„Pflegekräfte müssen eigenständig handeln“
Der Pflegebeauftragte der Bundesregierung fordert neue Befugnisse und garantierte Besuchsmöglichkeiten.
In der Corona-Krise wurden die Personaluntergrenzen auf den Intensivstationen ausgesetzt. Ist es Zeit, diese wiederherzustellen?
WESTERFELLHAUS Ja. Zu Beginn der Krise war das richtig, weil wir nicht wussten, wie sich die Versorgungssituation in kurzer Zeit entwickeln wird. Deswegen wurde zudem die Möglichkeit geschaffen, die Arbeitszeiten zu verlängern. Die Krankenhäuser kommen aktuell mit dem Infektionsgeschehen aber gut klar. Jetzt müssen die alten Regelungen schnell wieder eingesetzt werden, denn sie dienen der Sicherheit der Patienten und verhindern eine Überforderung des Personals.
Wie sieht es mit der Offensive für die Pflege aus?
WESTERFELLHAUS Wir müssen den Beruf weiter attraktiver machen und für Ausbildung werben. Wir werden das notwendige Personal nicht bekommen, wenn wir den Pflegekräften nicht endlich mehr Kompetenzen geben. Die Pflegekräfte müssen stärker eigenständig fachübergreifend mit Heilberufen wie Physiotherapeuten und Ärzten zusammenarbeiten können. Wir können nicht über Wertschätzung reden, wenn die Kompetenzen der gut ausgebildeten Pflegekräfte verschleudert werden, weil sie nicht nach ihren Fähigkeiten eingesetzt werden dürfen. Die Pflegekräfte können nicht länger nur als Assistenz der Ärzte gesehen werden. Sie müssen eigenständig handeln dürfen. Sie brauchen auch Budgetverantwortung.

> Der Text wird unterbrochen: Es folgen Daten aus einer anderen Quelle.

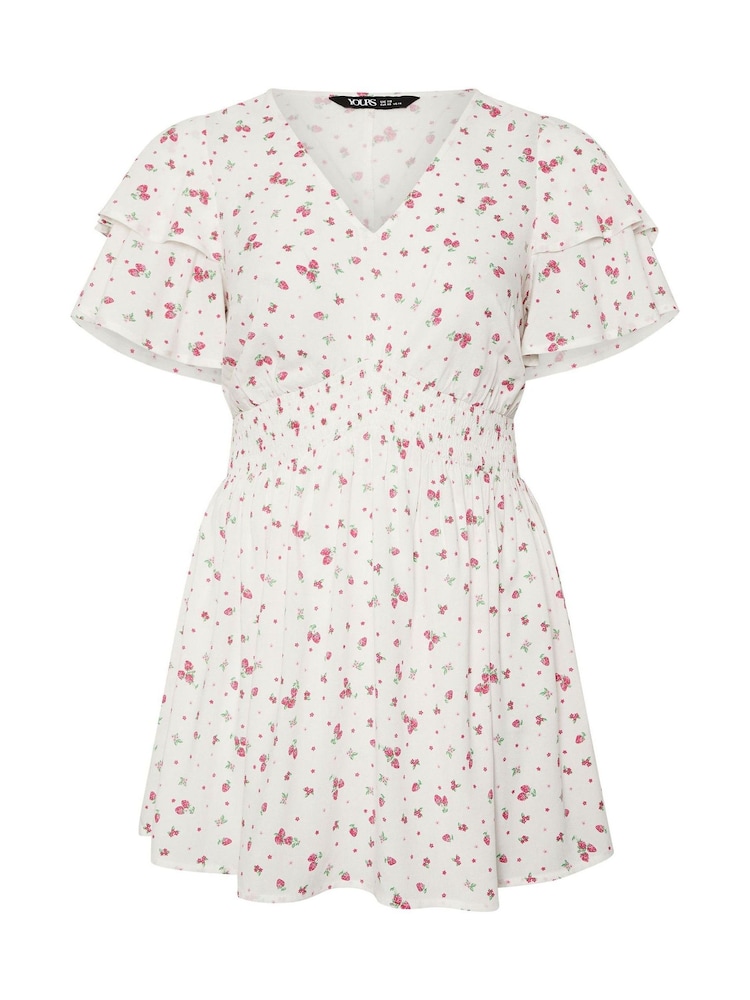 Yours Curve White Strawberry Print Peplum Top - Image 5 of 5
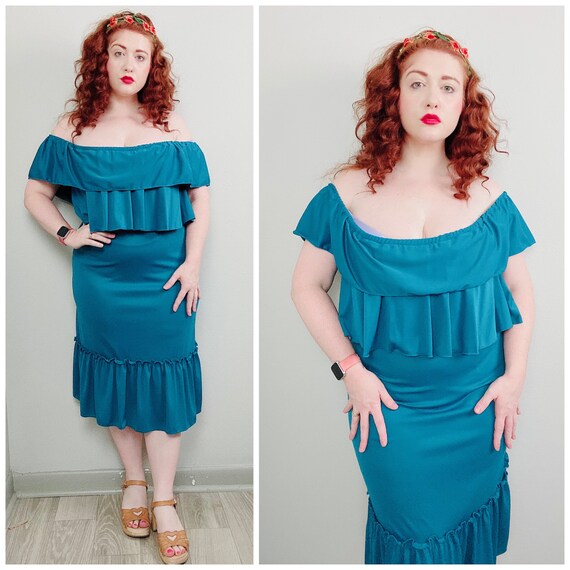 1970s Vintage Teal Polyester Tiered Dress / 70s /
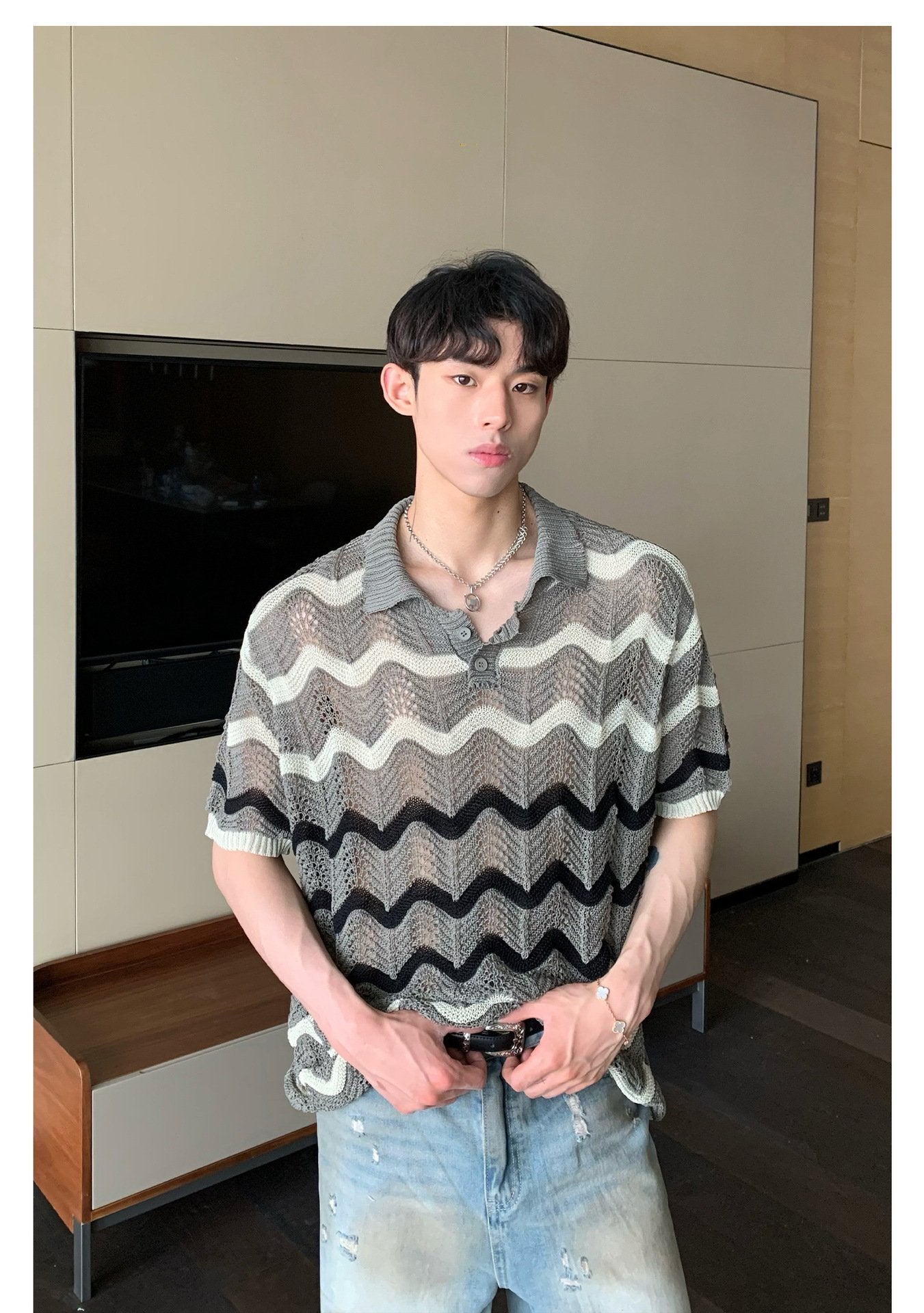 Maxct 90s Streetwear Korean Style Summer High-end Sense Hollow Color Stripe Lap Short-sleeved Niche Design POLO Shirt T-shirt Casual Top
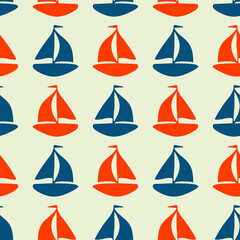 Coastal sail boat drawn seamless pattern. Marine 2 tone yacht ship printed background for interior textiles and modern trendy fashion. Maritime travel all over design vector repeat.
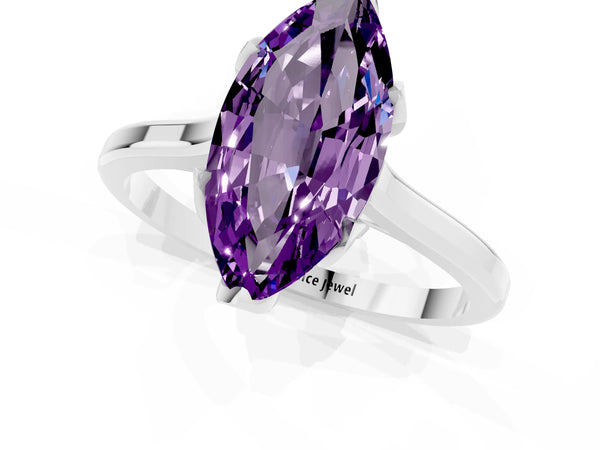 White gold Marquise Cut Amethyst Solitaire Ring with Flower Prong Setting and Classic Band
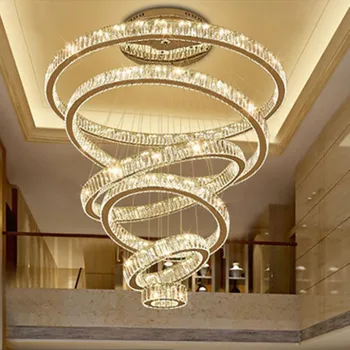 

Modern chandelier lighting large staircase LED crystal chandeliers round ring light fixtures home decoration cristal lustre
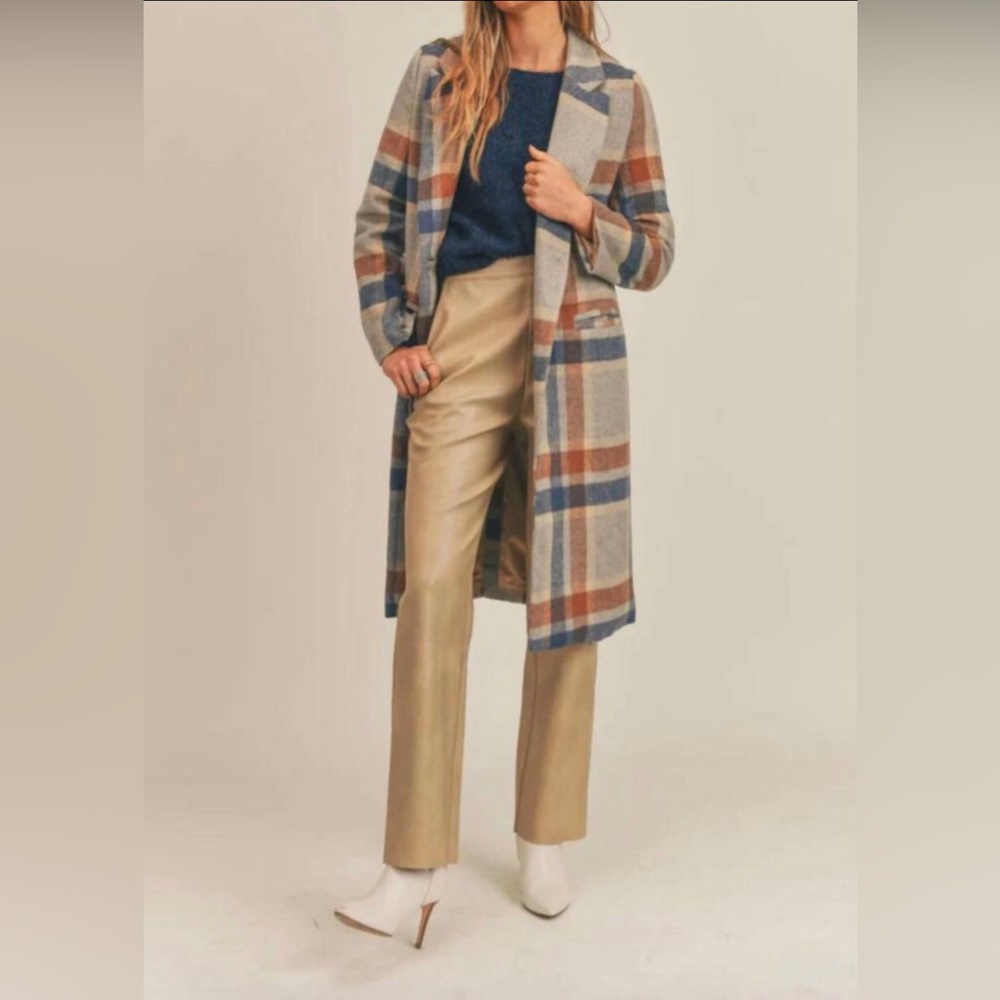 New SAGE THE LABEL All The Way Plaid Coat Women’s Large
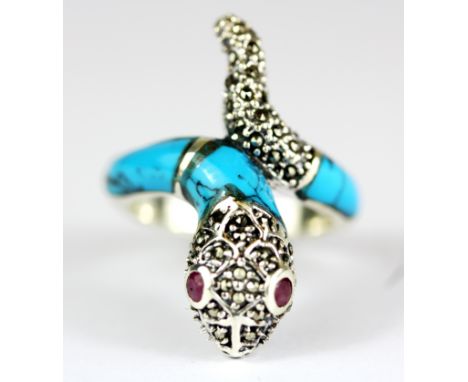 A 925 silver and marcasite snake shaped ring set with turquoise and ruby set eyes, L. 3cm, (R). Condition : excellent conditi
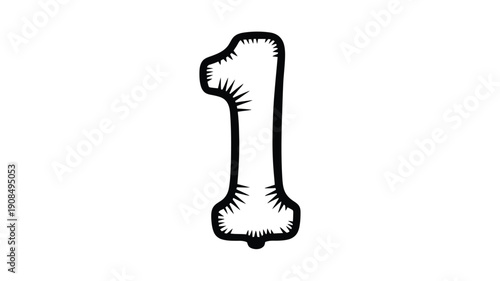 A simple black and white doodle of the number one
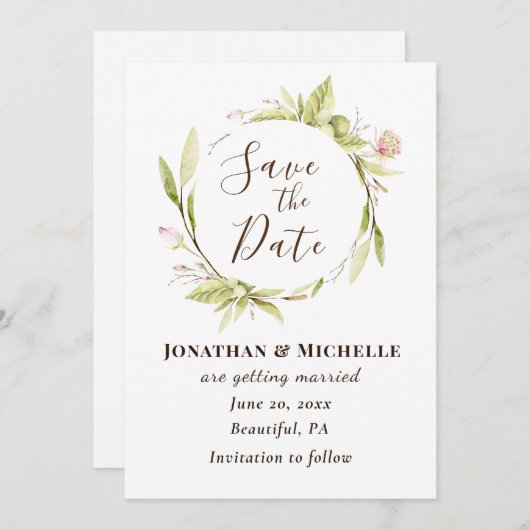 Save The Date Fleurs d'été Verdure Mariage de cadre fleuri (Devant / Derrière)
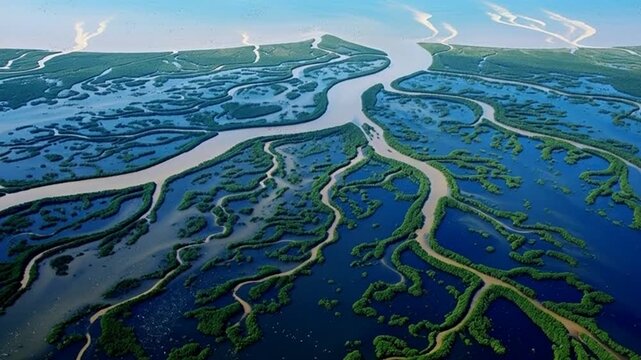 Aerial view of a sprawling river delta with lush green vegetation and intricate water channels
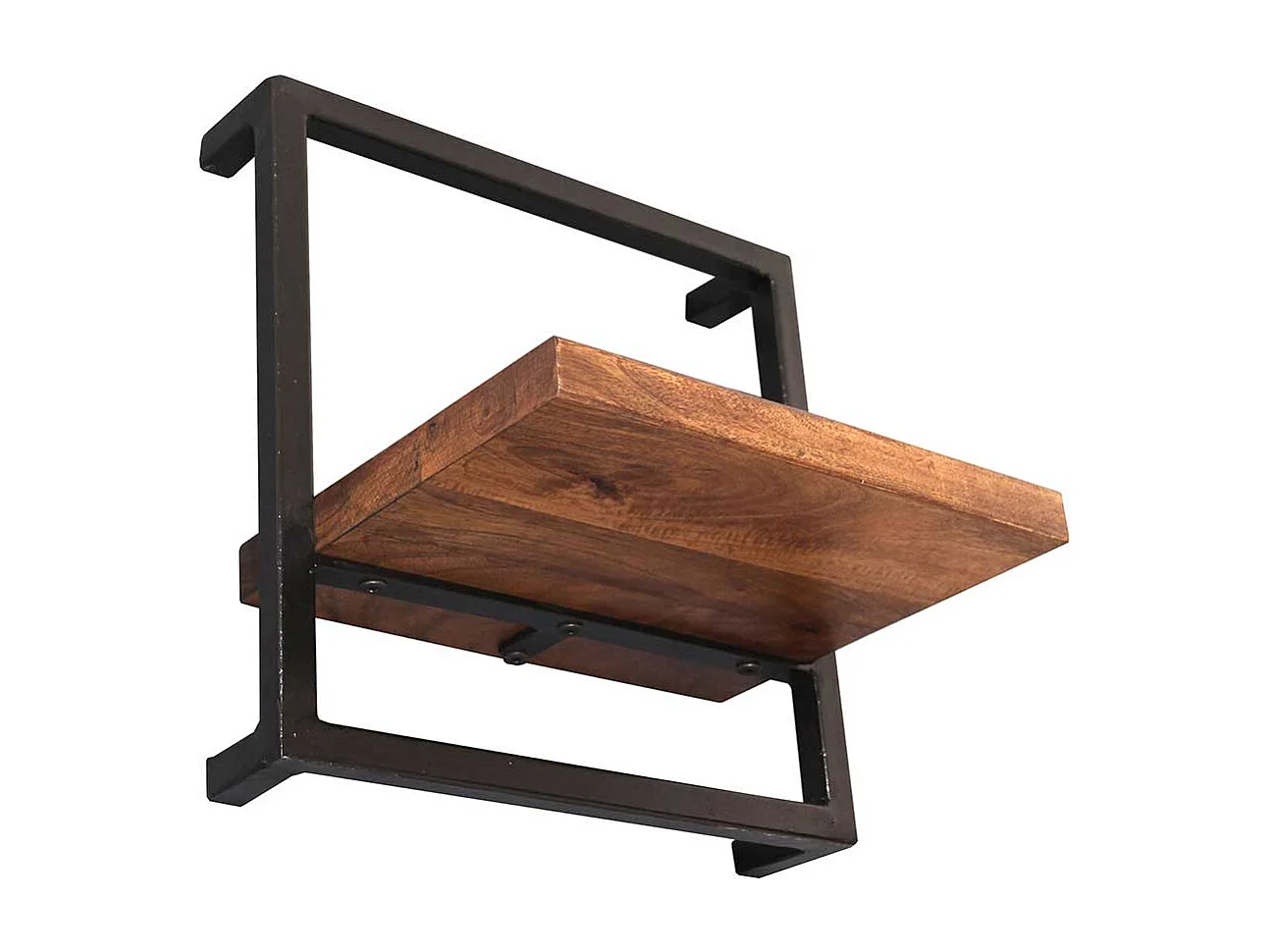 Wandregal Set aus Mangobaum Massivholz und Metall Loft Design (siebenteilig)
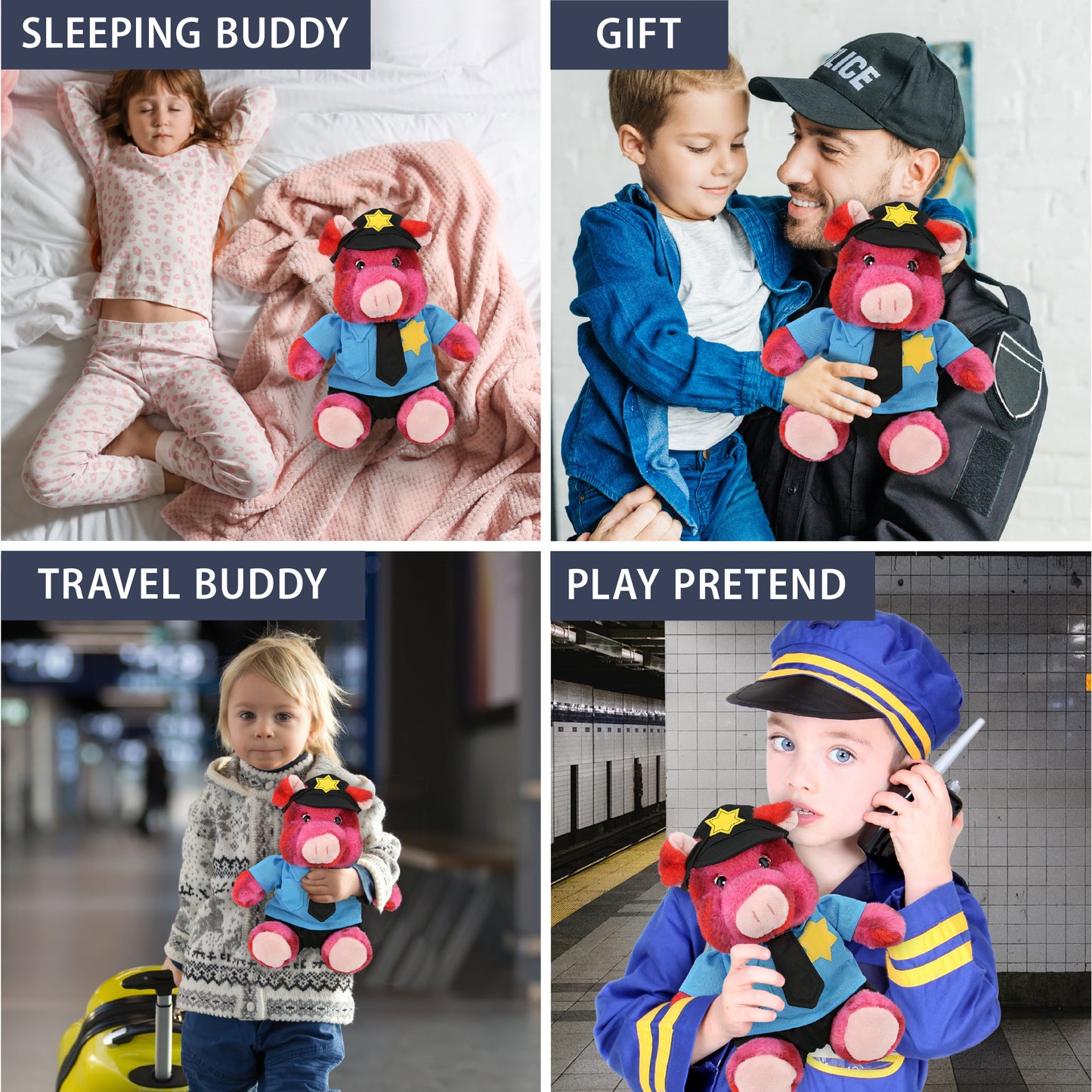 SUPER-SOFT PLUSH - PINK TIE-DYE PIG 9" WITH POLICE DRESS UP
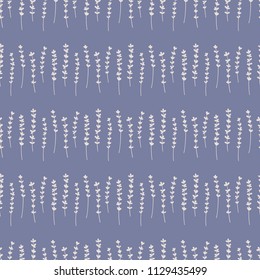 Floral vector seamless pattern with Lavender. White flowers shape on violet background. Vector wallpaper. Good for fabric, textile, wrapping paper, packaging design.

Geben Sie mal ein Beispiel.
WESTERFELLHAUS Pflegekräfte im ambulanten Bereich sind die Ersten, die eine chronische Wunde sehen und diagnostizieren. Sie könnten eine therapeutische Entscheidung treffen, dass zum Beispiel eine Wundauflage eingesetzt werden muss. Das könnten sie aufgrund ihrer Kompetenz, dürfen es aber leistungsrechtlich nicht. Das müssen wir ändern.
Ein hohes Ansteckungsrisiko haben die Bewohner von Pflegeheimen. Rechtfertigt das Besuchsverbote?
WESTERFELLHAUS Der Schutz der Pflegebedürftigen vor Infektionen darf nicht dazu führen, dass die Menschen vereinsamen. Die Bewohner von Pflegeheimen sind nicht nur aktuell durch das Coronavirus gefährdet. Oft gibt es in Pflegeheimen auch andere für die Bewohner gefährliche Krankheitsausbrüche, wie durch das Norovirus. Zum Standard von Pflegeheimen sollte deshalb künftig gehören, dass es auch in Zeiten von Infektionswellen und Pandemien Besuchsmöglichkeiten gibt – zum Beispiel in abgetrennten Besuchszonen, in denen sich Pflegeheimbewohner und Angehörige in einem wohnlichen Umfeld durch eine Scheibe getrennt sehen können. Aber auch für nicht mobile Bewohner, Bewohner mit Demenz und andere, die solche Zonen nicht nutzen können, müssen Möglichkeiten geschaffen werden. Ganz klar ist für mich auch:Wer im Sterben liegt, muss immer zumindest eine definierte Person zum Abschied bei sich haben können.Wenn wir das nicht sicherstellen, werden viele Menschen Angst vor einem Umzug in ein Pflegeheim haben.